En parallèle, Générations Futures alimente un site rassemblant les témoignages en France de victimes des pesticides, collabore à la réalisation de documentaires sur les effets dévastateurs des pesticides sur la santé des agriculteurs et organise chaque année la Semaine pour les alternatives aux pesticides, un moyen alternatif de rendre visibles toutes les initiatives développées sur le territoire français et qui prouvent que des modèles agricoles sans pesticides existent et sont viables. Mais le terrain reste difficilement praticable, compte tenu de la complexité des thématiques abordées : « Il est plus simple de montrer l’horreur des abattoirs que les effets invisibles des pesticides sur la santé et l’environnement« , déplore le président de l’association.
http://www.youtube.com/watch?v=U3Ezfjz0xvA
Division du travail et élite associative
Compaigner, Social media manager, chargé de campagne sectorielle, agent d’influence … autant de spécialités et de compétences nouvelles que les organisations non-gouvernementales ont dû intégré à leurs organigrammes. « Les ONG ont aujourd’hui divisé le travail selon les compétences nouvelles de leurs personnels, analyse Sylvie Ollitrault. Il existe un véritable champ d’emplois associatifs dans lequel les profils sont nouveaux, très internationalisés, en terme de diplôme comme de connaissances, de plus en plus sont binationaux, tous sont bilingues et ont souvent beaucoup voyagé. C’est une forme d’élite associative où les amateurs n’ont plus leur place dans les rangs des ONG internationales et de plus en plus au sein des ONG nationales« .

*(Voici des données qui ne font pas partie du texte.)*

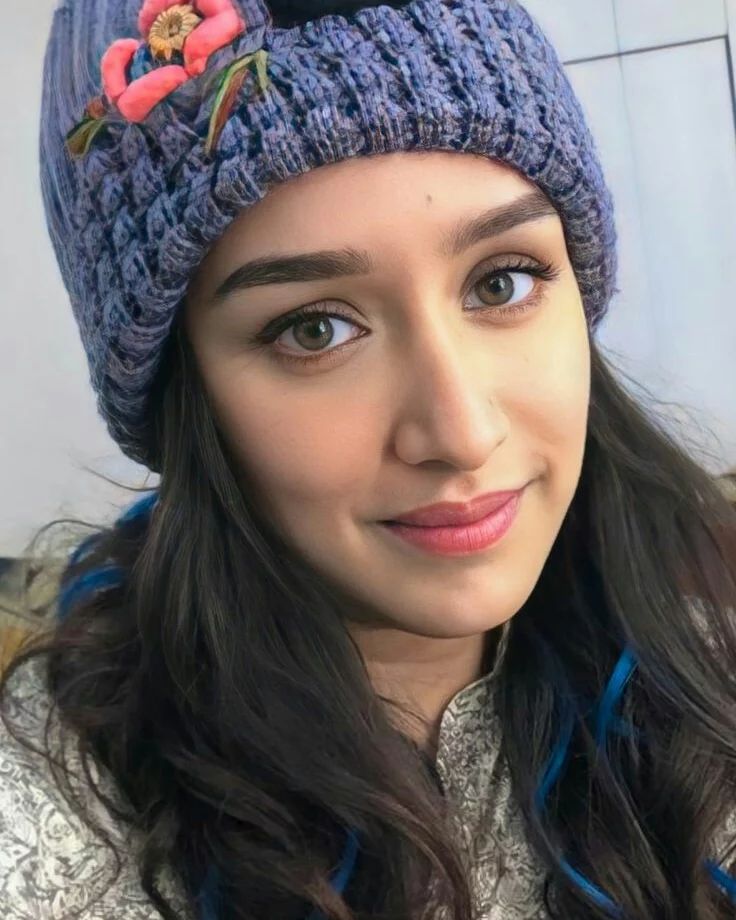 Rate my look in old picurebetween 1 to 10 😍😘
#ShraddhaKapoor #bollywoodactress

Dans les locaux de Greenpeace France, dans le 10è arrondissement de Paris, un nouveau poste a récemment été créé : celui d’une chargée de campagne juridique, dont la mission est d’identifier tous les potentiels d’action juridique dans les campagnes de l’ONG, avec la possibilité par exemple d’intenter un procès afin d’accélérer une action ou de la faire aboutir. « Nous essayons chez Greenpeace d’avoir une vraie diversité de profils. On peut ainsi recruter des gens déjà passé par les ONG, d’autres qui viennent de la fonction publique, de l’administration locale, d’un cabinet ministériel, ou encore du privé, détaille Jean-François Julliard. Pour demander des changements concrets aux entreprises, aux administrations ou aux institutions, il est préférable d’en comprendre le fonctionnement, les leviers ou le ton que l’on doit employer« .

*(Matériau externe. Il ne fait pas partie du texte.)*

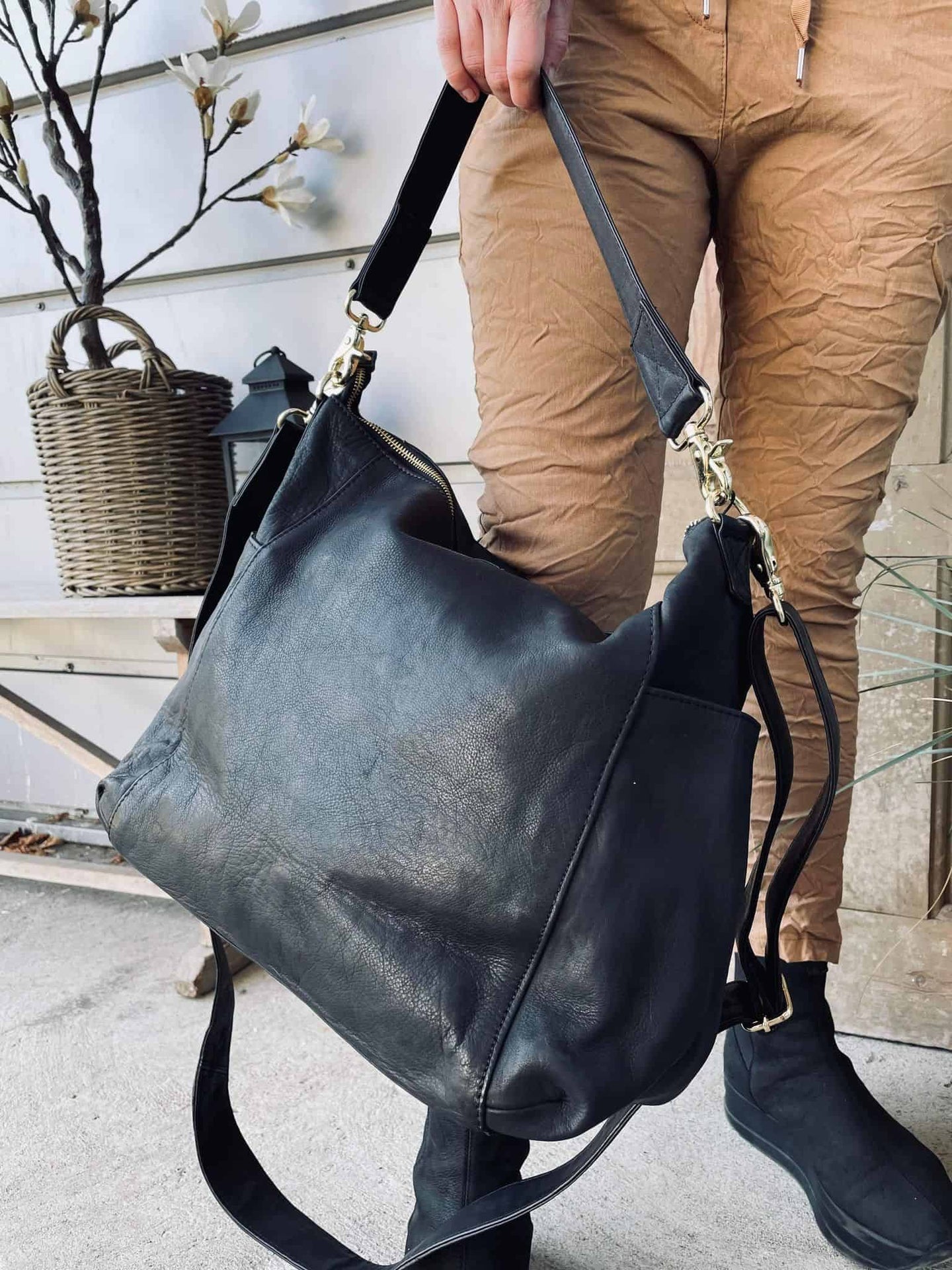 Stor lædertaske i blød kvalitet - ELLA - VIAMAJA.DK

Chez Générations Futures et L214, où les structures sont encore à taille humaine, les salariés ont dû faire preuve d’adaptabilité et de polyvalence. « Il est important de faire la différence entre les grosses et les petites ONG. Chez Générations Futures, notre travail a de nombreuses facettes : rédaction de rapport, intermédiation avec les laboratoires d’analyse, compétences en agronomie, relations publiques, communication… Nous connaissons tout le prisme de notre domaine d’action et de nos campagnes« , précise François Veillerette qui dresse le même constat que Brigitte Gothière au sein de L214. Si la polyvalence et l’adaptabilité ne s’apprennent pas encore à la fac, de nombreux cursus universitaires ont été créés autour de thématiques comme le développement durable, l’écologie, la gestion de campagne ou le management humanitaire. « Les salaires ne sont traditionnellement pas très attractifs dans les ONG, mais de plus en plus de jeunes entament des études pour travailler dans des organisations comme la nôtre, témoigne Marie Yared. Certains font même des écoles de commerce avec l’ambition de verdire le monde de l’entreprise et de réduire ses impacts néfastes sur l’environnement ou les modes de consommation. C’est totalement nouveau« .
À mesure que se professionnalisent les ONG environnementales et du développement durable, qui sait, des hordes de jeunes militants utopistes et sur-diplômés viendront peut-être bientôt gonfler leurs rangs, et faire de leurs idéaux écolos une réalité un peu plus palpable.